IT'S not every fledgling tech company that gets name-checked by Bono. Twice. In a recent Hotpress interview he praises "the wealth of technological geniuses that we have here. People like the Intune Networks -- there's two young PhD students who could change the world, literally". He bigged them up again on Today FM.
The two "geniuses" are John Dunne and Tom Farrell, who started Intune as a campus company in 1999 as young UCD research boffins. They've come a long way.
At a launch party for Intune's game-changing new product line, Verisma, which went commercial last week, high-flying investors and supporters mill around. Bono's brother, Norman Hewson, pops in, Google and Bebo investor, Balderton's Barry Maloney, is there, and goldmining legend Sam Jonah, also an investor, is there.
There's no sign of Dermot Desmond, or anyone from Twitter investor Spark Capital or Acorn Computer pioneer Hermann Hauser's Amadeus Capital, but they're all Intune backers.
To give a context to Verisma's potential: just as early computers filled entire rooms and were shrink-rayed down to tablet size, Verisma compacts down miles of fibreoptic cable and thousands of silicon chips, into something the size of a small fridge. This unprepossessing-looking grey box of switches and cables stands in the launch party room at the Gibson Hotel, as trays of wine and canapés fly by all around.
Take say, the Olympics 2012. There'll be a storm of internet TV watching, YouTubing, tweeting, mobile video and digital image sending: a gigantic data-gobbling power surge over 15 days. Verisma can wing these massive amounts of data to where it needs to go, way faster -- about 80 per cent faster -- than existing broadband. It's all done with different coloured lasers, or Optical Burst technology.
The target customers are the telco giants: O2, Vodafone, BT et al, "The guys," says CEO Tim Fritzley, "who run the biggest networks in the world, that operate in the biggest cities and areas where fibre networks are just bursting at the seams."
After the science comes the selling. This is where seasoned Silicon Valley pro Fritzley comes into his own.
Lured here five years ago by Dunne and Farrell, he's become progressively paler but retains his white-toothed Californian smile and boundless enthusiasm.
Fritzley was sales VP at Microsoft TV. "With Microsoft I travelled the world, and I could see that the networks were going to collapse under all of this video that was coming along in 2003-2005 when social networking and YouTube hit. They are going to have to completely transition -- new architecture, new technology, new software.
"I just felt that John and Tom's was the right technology. What really attracted me to them was that they'd done a phenomenal job on patenting all their intellectual property."

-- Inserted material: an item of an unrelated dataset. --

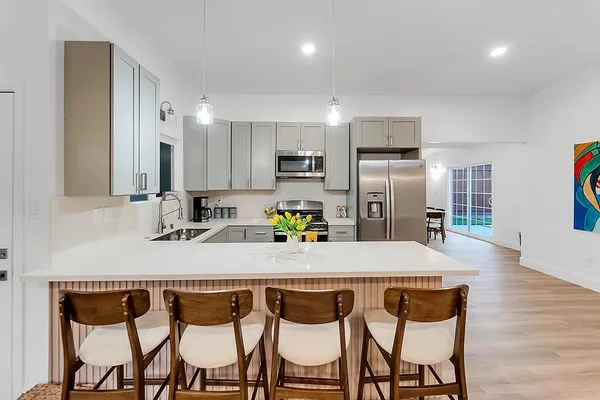 a backyard of a house with outdoor seating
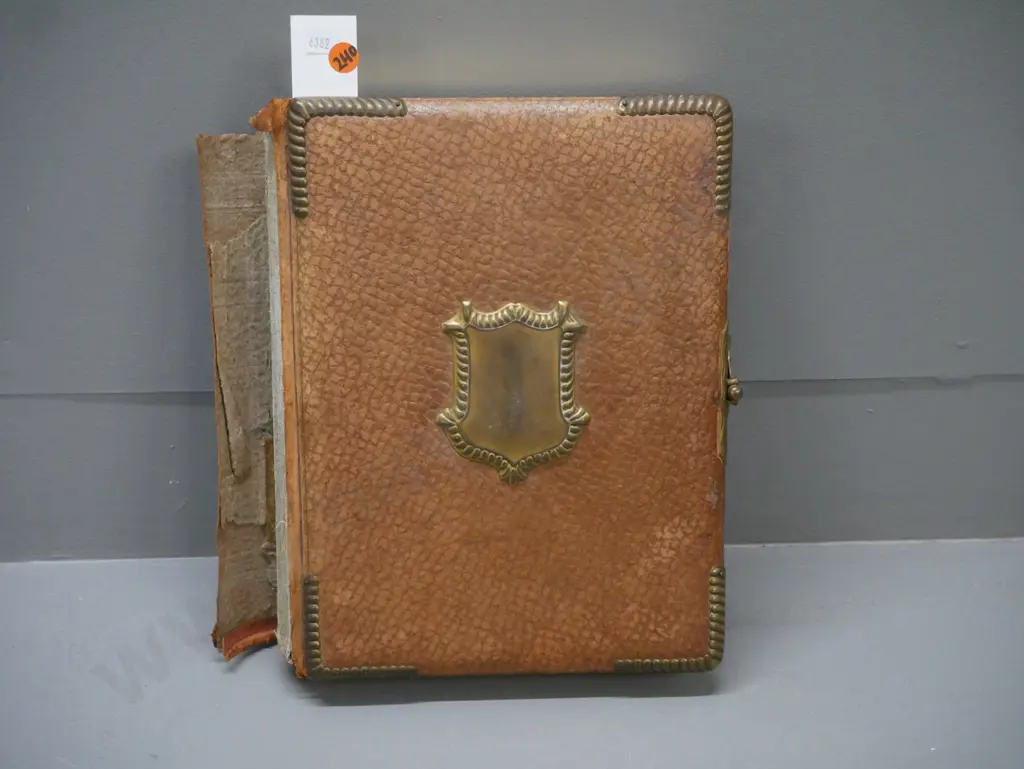 Leather-bound photo album w/ metal clasp, corners & crest. 13 pages of photographs, mechanical music box mechanism. Image 1++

The likes of multi-billion-dollar revenued Cisco are now playing catch-up and Fritzley says Intune is five years ahead of the posse.
He has built up a sales team with "fantastic" contacts. "If you're a start-up, you can't depend on another equipment vendor like an Ericsson or an Alcatel or a Cisco to represent you at early stage -- their goal is to burn you out of cash so that they can buy the technology cheap.
"With your own sales force, you go after their customers, then you get traction and the big guys think 'we better partner with them before somebody else does'. It's a balance of fear and greed." A global distribution agreement has just been inked with one large equipment vendor and another is close to signing.
Would Alcatel-Lucent or Cisco not just save themselves the trouble and buy Intune out? "They will always look at that," says Fritzley, "but we don't want to sell early, we want to create this very valuable company. We would love nothing more than to go all the way through to IPO, so we're in no rush to sell.
Meanwhile, Intune is gearing for profitability. "We're not cashflow positive yet, but we are in revenue. We did about €10m last year, we hope to do €26m this year, in 2012 we're looking to do about €100m and we'll go up to €200m-€300m after that. We are targeting that for 2012 we're cashflow positive."
As well as selling Verisma, Fritzley is drumming up more money. "We're just doing our series C round right now, targeting €30m-plus for this round. I would hope to raise more than that." Intune is currently funded at €49m.
Fritzley didn't expect to be here this long. "In a few more months I qualify for permanent residency!" But he's certain the Californian sunshine deprivation will be worth it.